Über Hardrock und Metal gibt es viele Klischees. Dass diese Musikrichtungen reine Männersache seien oder die Anhänger nur rumpöbeln, sind Mumpitz. Andere, etwa zum Aussehen der Metalfans, haben grösstenteils wohl doch ihre Berechtigung. Wer seine Vorurteile von wallenden Mähnen, Nietenarmbändern, schwarzer Kleidung und Jeanskutten voller Bandaufnäher bestätigt haben wollte, wurde am Samstag an der «Rheintaler» Rock-Nacht bedient. Hunderte Metalheads reisten auf die Sportanlage Rheinauen – manche innert fünf Minuten mit dem Velo, andere in einer bis zweieinhalbstündigen Autofahrt –, um neben den beiden Headlinern Black Diamonds und Burning Witches auch Obsidian Black und A Place left to hide live zu erleben.
Unter ihnen Cain Paul aus Eichberg: Er hat 45 Minuten und eine ganze Flasche Haarspray gebraucht, um seine schulterlangen Haare zu einer dreifach hochtoupierten Frisur zu stylen. «Ich laufe gerne extrem herum. Sonst mit einem langen schwarzen Umhang. Heute ist es für den aber zu heiss», sagt der 20-Jährige.
Später am Abend, nach stundenlangem Headbangen, sollten ihm die Haare wieder über die Schultern fallen. Er und zwei Freunde haben sich schon vor Monaten Tickets für die «Rheintaler» Rock-Nacht gekauft. Und dies obwohl in Interlaken mit dem «Greenfield» zeitgleich das grösste Rockfestival der Schweiz stattfand.
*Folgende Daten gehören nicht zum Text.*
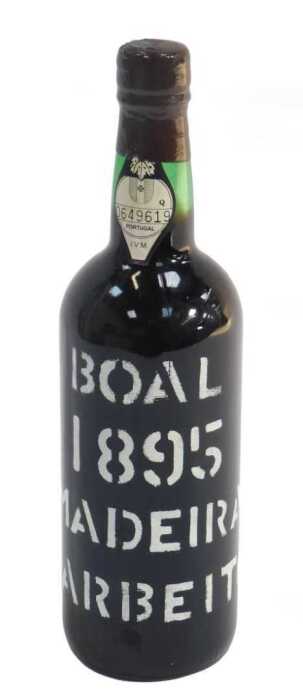 A bottle of Boal 1895 Barbeito Madeira, bearing paper label numbered 0649619, with partial wax...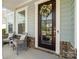 Inviting front porch with seating and decorative wreath, creating a welcoming entrance to the home at 660 Daventry Ct # 35, Clover, SC 29710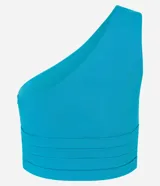 Blusa cropped roja de tejido bengalina, con escote asimétrico de un solo hombro y cierre de cremallera lateral.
«Wenn im Rheintal schon ein Metalkonzert stattfindet, müssen wir die Chance nutzen», sagt Jan Baumgartner aus Diepoldsau. Sonst nehmen die Freunde jeweils bis zu drei Stunden Anfahrt zu Konzerten in Deutschland oder der Schweiz auf sich. «In der Nähe gibt es leider selten etwas», bedauert Baumgartner.
Für einmal aber reisten die Rockfans nach Diepoldsau. Zwei Freundinnen sind sogar aus Ulm angereist. «Ein Konzert der Black Diamonds würden wir nicht verpassen», versichern sie.
Fans kennen sich, sind friedlich und altmodisch
Die «Rheintaler» Rock-Nacht hat sich als Treffpunkt der hiesigen Metalszene entpuppt. Das Alter der Anwesenden lag zwischen zehn und 60 Jahren. Leute aus der Region, Fans von weither. Väter mit ihren Töchtern. Freunde, die schon seit 20 Jahren zusammen an Konzerte gehen. Graue Haarsträhnen schimmern durch, die Liebe zu Heavy Metal ist geblieben. Cain Paul:
Die Metalszene ist wie eine grosse Familie.
Viele kennen sich untereinander. Sobald man die Linse auf sie richtet, strecken sie die Zunge heraus oder halten ihre Fäuste mit gestreckten kleinem und Zeigefinger vor die Kamera. Während der Shows, von treibenden Bässen und energiegeladenen Gitarrenriffs angeheizt, wurde ekstatisch getanzt. Die Stimmung an diesem lauen Sommerabend auf dem Fussballplatz in Diepoldsau war ausgelassen, friedlich und familiär.
«Wir sehen extrem hart aus, aber wir sind die freundlichsten Menschen», sagt Jan Baumgartner. Was auffällt: Die Fans dieser Musikrichtung sind altmodisch – sie wollen die Musik ihrer Lieblinge in Händen halten. «Am liebsten auf Vinyl», sagt Loana am Merchandising-Stand. Auch einige T-Shirts gingen am Samstagabend über den Tresen. Ein Souvenir, das die Fans noch lange an die «Rheintaler» Rock-Nacht erinnern wird.